Resumable operation

Context

Some requests need to write to several independent systems. Operations on independent systems may fail independently, or the system might crash in between writes, leaving an operation partially-complete and the system in an inconsistent state.

Prerequisites

It is acceptable to perform each sub-operation at least once, and for retries to perform additional side-effects after a previous attempt fails.

Example

Uploading a profile image to a social network. The image gets stored in a blob store, then a reference stored in a separate database. The system might crash at any point before uploading the image, before storing the reference, or before sending the response.
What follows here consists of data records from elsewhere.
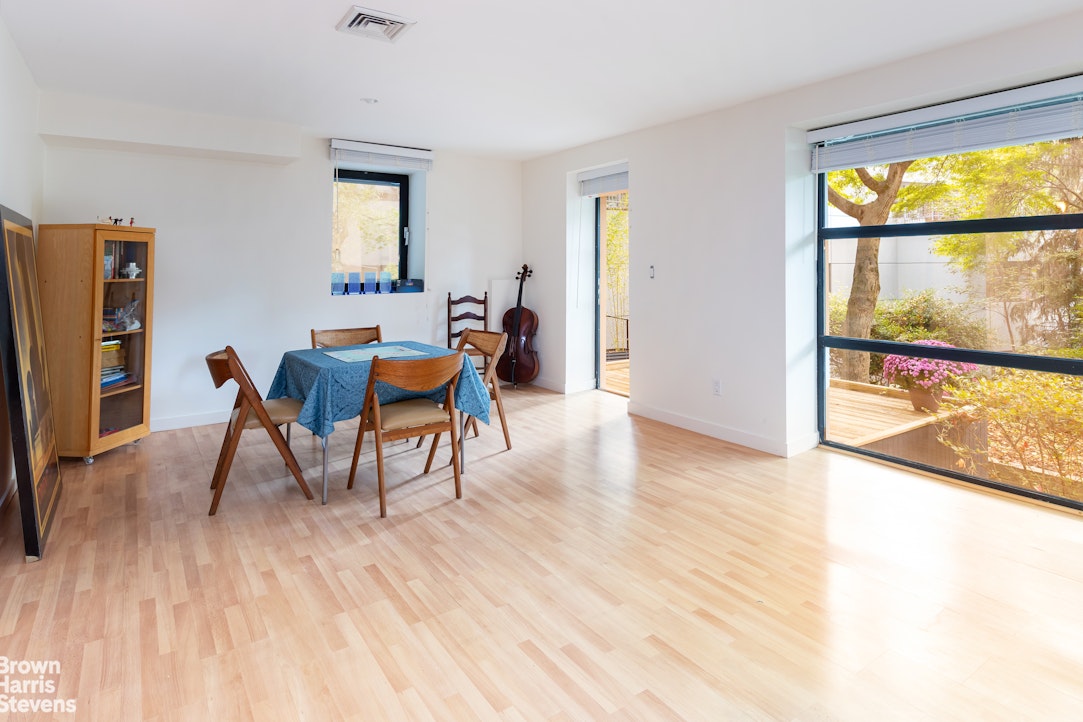 712 Ladd Road Bronx, NY 10471 - Photo 24 of 34 a view of a dining room with furniture and wooden floor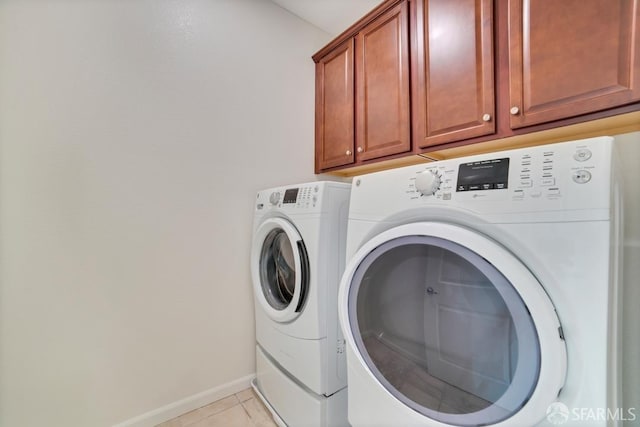 2702 Urbino Ct, San Jose, CA 95111 - laundry area with cabinet space, washing machine and dryer, light tile patterned floors, and baseboards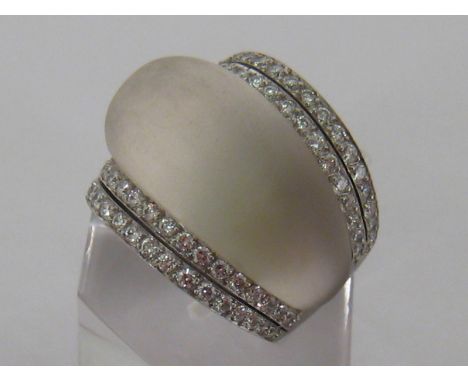 A rock crystal and diamond bombe ring, the ballooned crescent stone between two double rows of pave set brilliants totalling 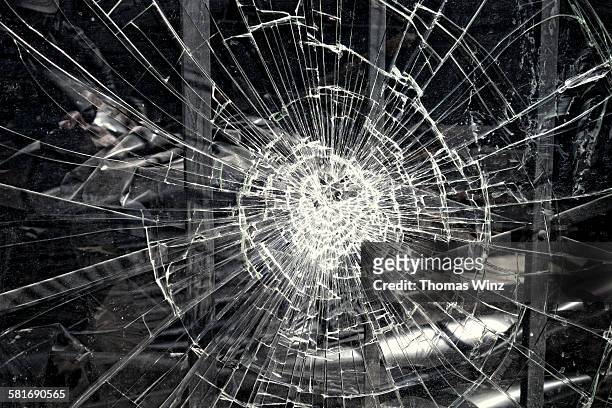 smashed store window - destruction stock pictures, royalty-free photos & images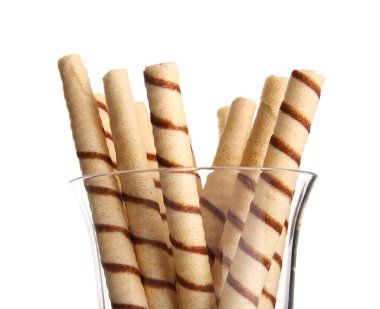 Glass of tasty wafer rolls on white background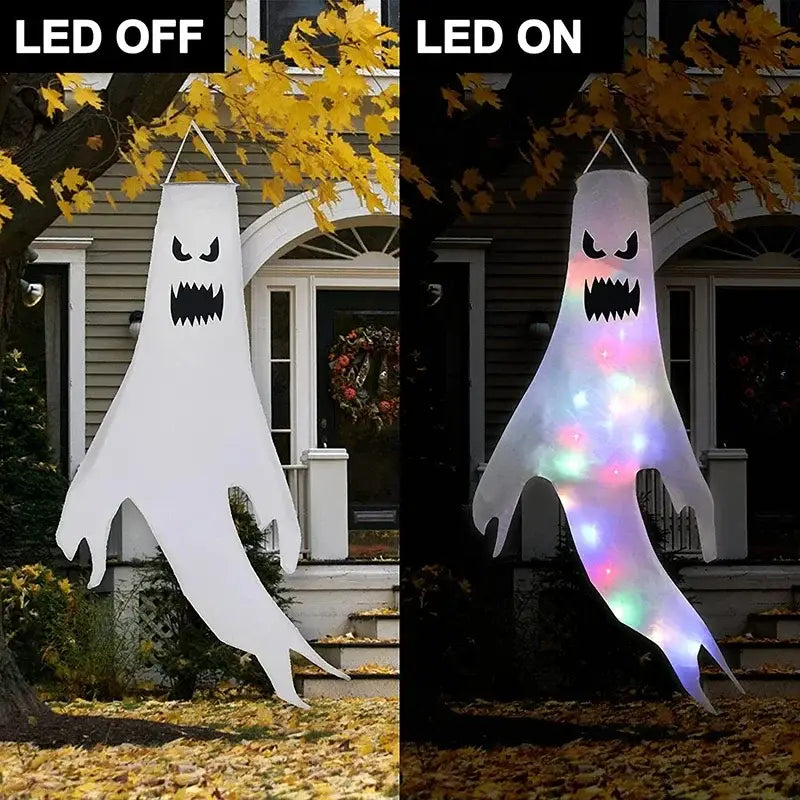 A white inflatable Halloween ghost LED hanging windsock with black facial features and glowing lights designed for home outdoor decoration.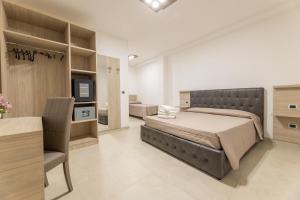 Schlafzimmer mit einem Bett, einem Schreibtisch und einem TV in der Unterkunft Room Salento Palace 2 in Torre San Giovanni Ugento
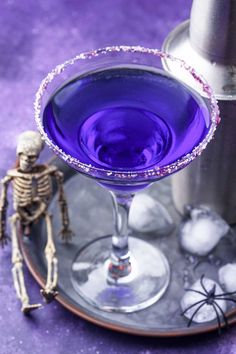 a purple drink sitting on top of a metal tray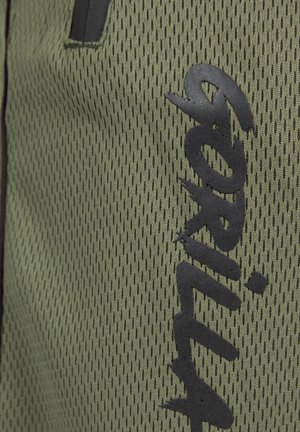 Groen gaasstof met een gestructureerd patroon. Bevat een gedurfde zwarte logo, contrasterende accenten en een algeheel lichtgewicht ontwerp.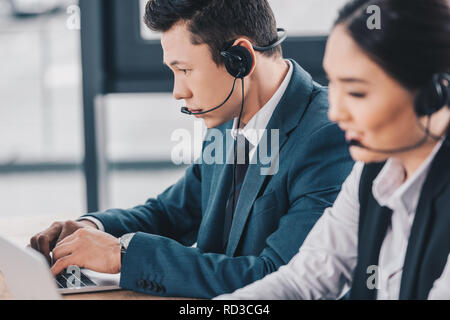 young kazakh coworkers in headsets working together in call center Stock Photo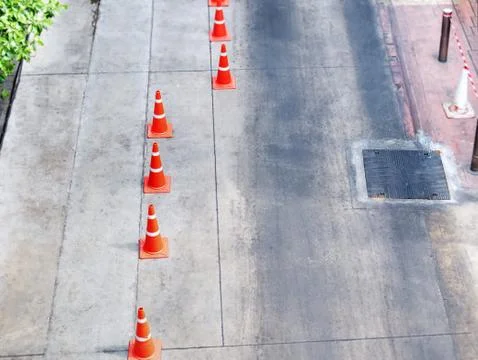 High Angle View of Orange Traffic Cones on Street Foto stock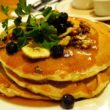 A stack of buttermilk blueberry pancakes is scattered with granola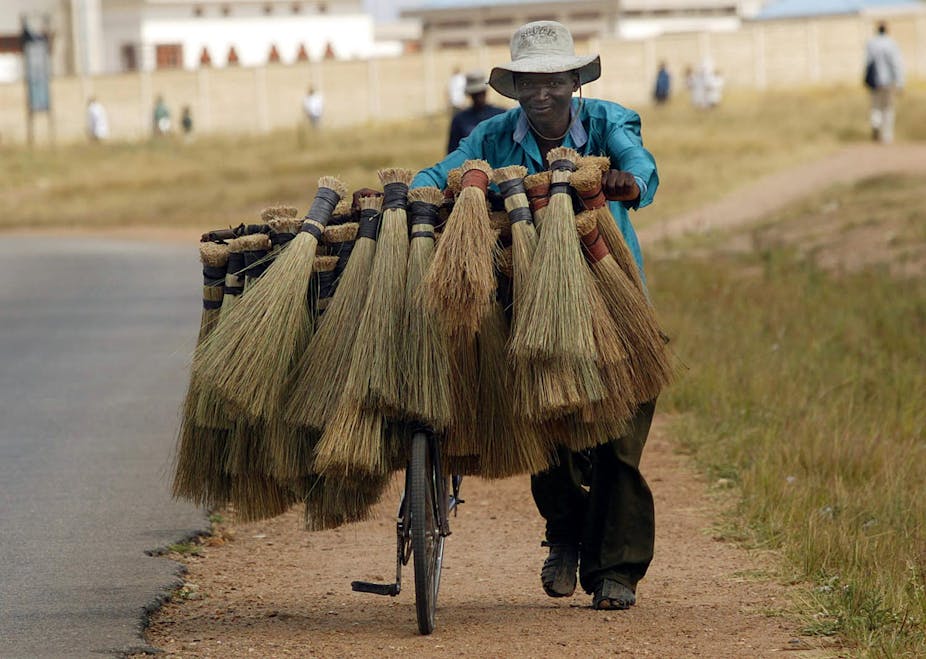 A Zimbabwean broom vender pushes his bike on the streets of Chitungwiza outside Harare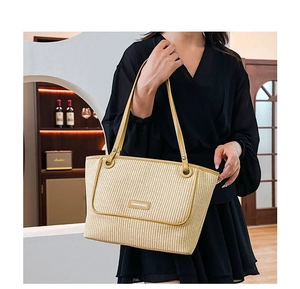 Detail of a woven tote bag featuring yellow leather trim and Fashion & Bags logo patch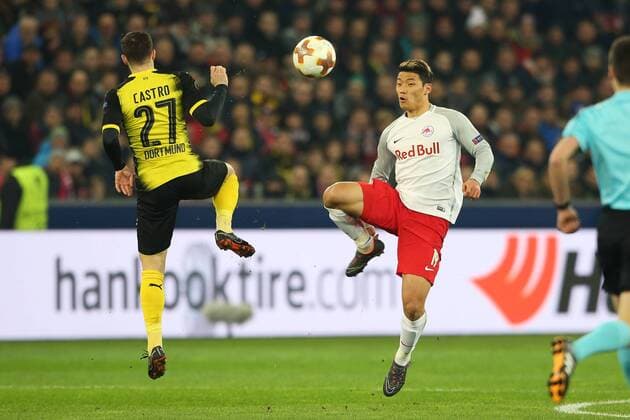 SOCCER - UEFA EL, RBS vs Dortmund SALZBURG,AUSTRIA,15.MAR.18 - SOCCER - UEFA Europa League, round of 16, Red Bull Salzburg vs Borussia Dortmund. Image shows Hee Chan Hwang (RBS) and Gonzalo Castro (Dortmund). GEPAxpictures xMathiasxMandl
Retries should be allowed to continue the operation to completion.

Problem

How do we increase the proportion of operations which eventually succeed, even when some sub-operations fail?

Solution

Design your operation such that repeated attempts to perform the operation do not fail, and use retries or a Completer to drive the operation to completeness.

If relying on retries, be aware that most clients won’t retry forever, and so the operation might end up incomplete indefinitely.

Designing operations to be continued can be tricky. Consider using Recovery points to make this easier and avoid repeating work.

One technique I use is to write out each atomic step as a series of bullet points. I then ask myself: “What would happen if the operation failed before completing each step? What would happen when a retry arrives after that failure?”.

Notes

Resumable operations are not strictly idempotent: retries may cause additional side effects and return different responses. However, retries are safe – they will not duplicate side effects and will only advance progress towards the same successful outcome. See the discussion of idempotency for incomplete operations in the introduction.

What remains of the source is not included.